Using Spark - With PySpark Workshop, at PyData Berlin 2016
This docker image contains:
- Spark 1.6.1
- minimal Anaconda3
- numpy, pandas, jupyter, findspark
Pull the Git repo with the files for the workshop
git clone https://gitlab.com/gerhardt.io/pyspark-workshop.git
This creates a local directory called pyspark-workshop which we'll use below.
Pull the image
docker pull gerhardt/pyspark-workshop
Run the image
In step 0 you cloned the workshop files to a directory called pyspark-workshop. Replace "pyspark-workshop" in the following command with the full path of the directory on your machine, e.g. /home/you/pyspark-workshop.
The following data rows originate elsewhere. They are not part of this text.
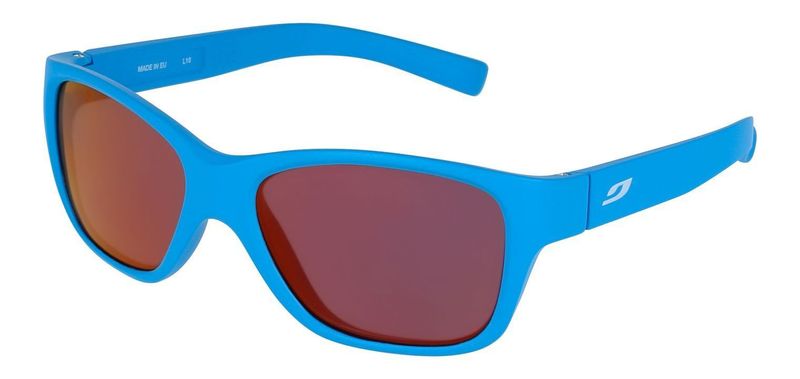 Julbo Wayfarer Sunglasses Turn Blue for Kid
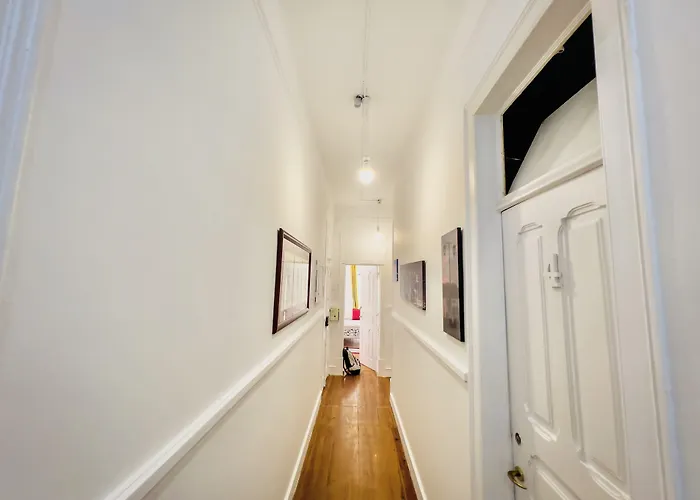 Fortune Gasthuis Lissabon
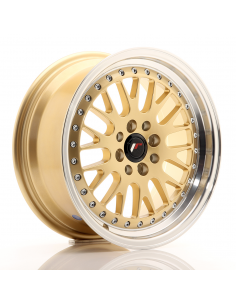 JR Wheels JR10 16x7 ET30...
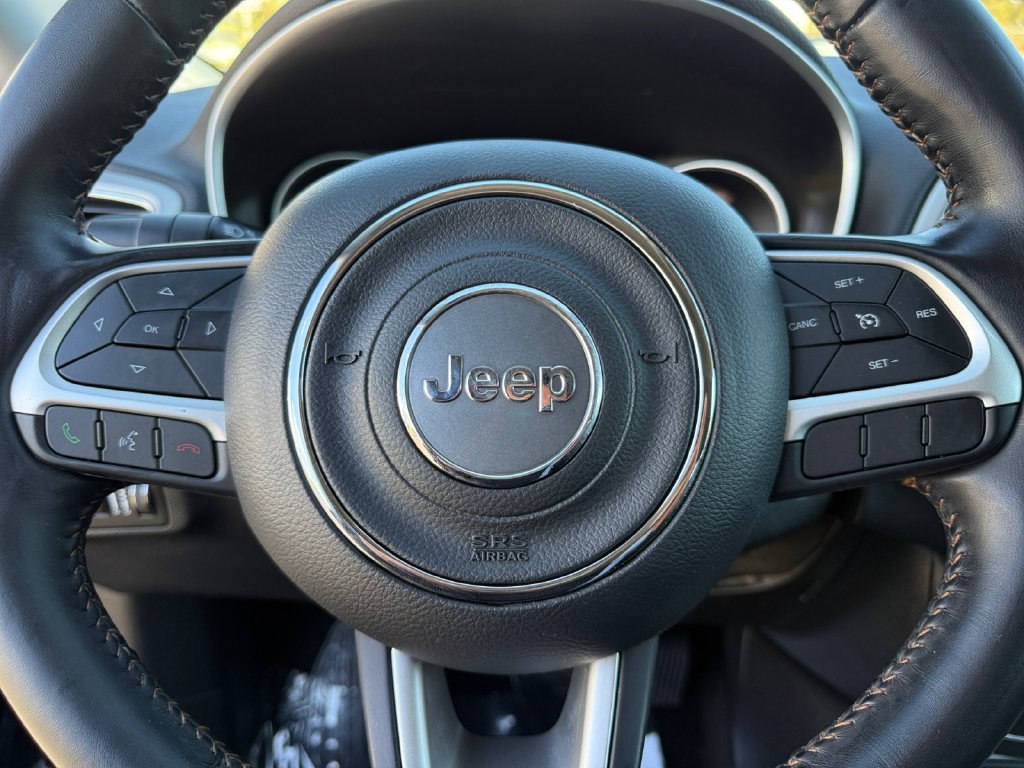 Used 2020 Jeep Compass Latitude w/ Popular Equipment Group AWD/4WD image 21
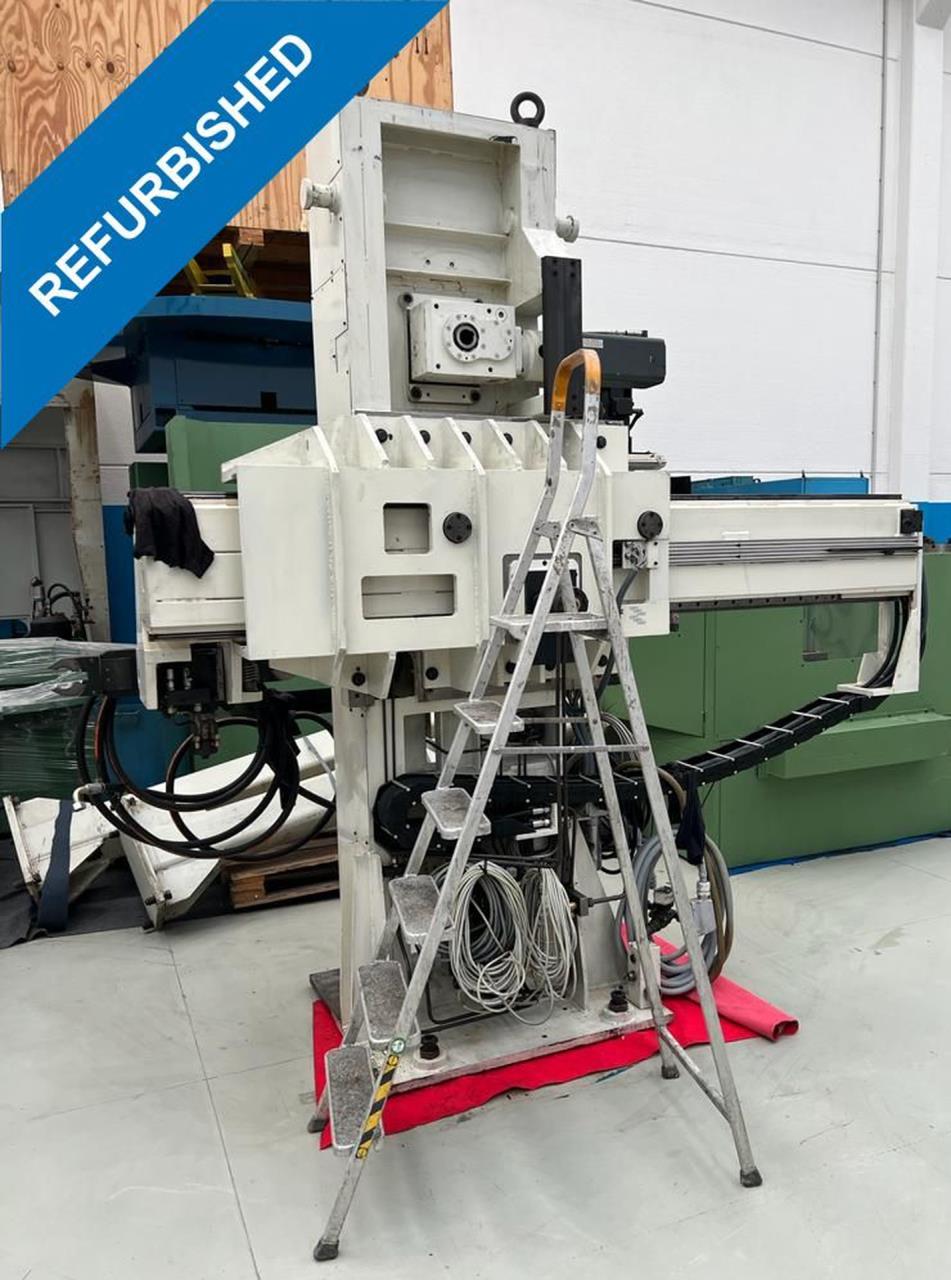 New And Used Machine Tools & Equipment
For Windows and Mac users, all in one line:
docker run -d --net host --name pyspark-worker -v /home/you/pyspark-workshop:/home/user/work -e SPARK_MODE=slave -e SPARK_MASTER_ADDRESS=spark://bence:7077 -e JUPYTER_VISIBLE=true gerhardt/pyspark-workshop
For Linux users:
docker run -d --net host --name pyspark-worker -v /home/you/pyspark-workshop:/home/user/work -e SPARK_MODE=slave -e SPARK_MASTER_ADDRESS=spark://bence:7077 gerhardt/pyspark-workshop
On Linux open http://localhost:8888.
You should see the Jupyter start page showing the contents of the pyspark-workshop directory.
On Windows and Mac you have to find the address of the VirtualBox VM.
On the command line invoke
Open http://IPADDESS:8888 with the IPADDESS from the previous step.
Run the self check
Open the notebook called "Check Set-up" and run all cells.
You should see a message at the bottom.